A small breakthrough for running local LLMs

June 15, 2025

Since the release of ChatGPT 3 back in January 2023, I was always interested in how the future would look when it comes to local LLMs. I think we have achieved it. at least somewhat.

Especially since the release of DeepSeek and OpenAI not being that dominant anymore, I would even suggest that people with enough hardware should run local LLMs.

I had left the local LLM niche for a while, but since Gemma3 was released, I put it on my workstation and even on my Thinkpad X12. It was really good for answering some simple questions, summarizing texts, or using it as a little helper for general tasks. Sure, it does not come near the big LLMs such as Claude, ChatGPT, and so on, but heck, back in 2023 we were not even able to get a single sentence out of them that made sense. Now they are able to replace searching Google. But still, I was not able to control Gemma to make it run some code only when needed. So I left that topic behind again.

But now, being in my last semester, I had the opportunity to dive into any topic I found interesting.
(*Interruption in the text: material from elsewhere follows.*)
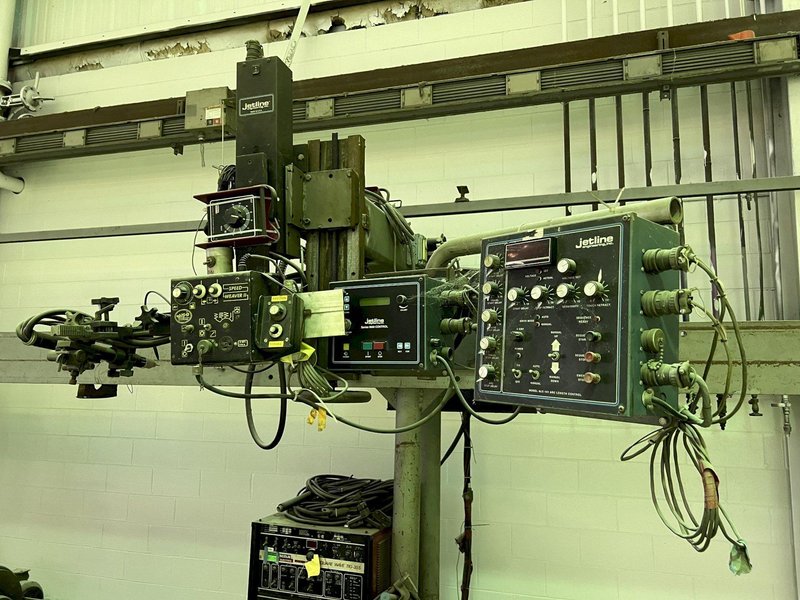 20&#039; RANSOME RAIL MOUNTED WELDING MANIPULATOR WITH LINCOLN WELDERS: STOCK #17950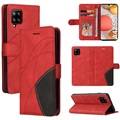 Bolsa Tipo Carteira Bi-Color Series Samsung Galaxy A42 5G - Vermelho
And oh man, I dove into it.

So to keep it short: The developers who also release the Qwen LLM just made it really easy to dock ollama to your Python code and write some functions.

You can find it here: GitHub - QwenLM/Qwen-Agent: Agent framework and applications built upon Qwen

And here is a small snippet of how I embedded it into my university project. I built this RSS agent that can actually understand when someone asks about RSS feeds and then automatically scrapes them. The cool part is that the LLM doesn't just tell you "yeah, you should check that RSS feed" - it actually calls my RSS parsing function, fetches all the entries, and gives you back a structured JSON response with titles, links, and summaries. It's integrated into a FastAPI backend with session management, so each user gets their own persistent chat agent that remembers the conversation. The whole thing runs locally with Ollama, so no API costs and full privacy. What used to require manual parsing and multiple steps now just works by asking "hey, can you check this RSS feed for me?" in natural language.

import json5
from qwen_agent.agents import Assistant
from qwen_agent.utils.output_beautify import typewriter_print
from typing import List, Dict, Any
from qwen_agent.tools.base import BaseTool, register_tool
import feedparser


def rss(feed_url: str):
    print("got following feed url:", feed_url)
    d = feedparser.parse(feed_url)
    print(d)
    title = d.items()
    collect_entries: List[Dict[str, str]] = [{}]
    for key, tup in enumerate(title):
        # print(value)
        if len(tup) > 1:
            if tup[0] == "entries":
                entries = tup[1]
                for entry in entries:
                    title = entry["title"]
                    link = entry["link"]
                    summary = entry["summary"]
                    found_entry: Dict[str, str] = {
                        "title": title,
                        "link": link,
                        "summary": summary,
                    }
                    collect_entries.append(found_entry)
    return collect_entries


@register_tool("rss_tool")
class RSSAgent(BaseTool):
    description = "RSS Feed scraper. Die Eingabe eines RSS Feed URL wird benoetigt. Anschliessend werden dann alle Beitraege des RSS Feeds in einer JSON Struktur zurueckgegeben"
    parameters = [
        {
            "name": "rss_link",
            "type": "string",
            "description": "Der Link des RSS Feeds",
            "required": True,
        }
    ]

    def call(self, params: str, **kwargs) -> str:
        # Verwende die geerbte Methode zur Parameter-Validierung
        params_dict = self._verify_json_format_args(params)
        rss_link = params_dict["rss_link"]
        print(f"RSS Link: {rss_link}")

        rss_feed = rss(rss_link)
        print(rss_feed)
        # Konvertiere das Ergebnis zu einem JSON-String
        return json5.dumps(rss_feed, ensure_ascii=False, indent=2)


class ChatAgent:
    """Basis-Agent-Klasse für Chat-Funktionalität mit History-Unterstützung"""

    def __init__(
        self,
        llm_cfg: Dict[str, Any],
        system_message: str = None,
        tools: List[str] = None,
        files: List[str] = None,
    ):
        self.llm_cfg = llm_cfg
        self.system_message = system_message or "Du bist ein hilfreicher Assistent."
        self.tools = tools or []
        self.files = files or []
        self.chat_history: List[Dict[str, str]] = []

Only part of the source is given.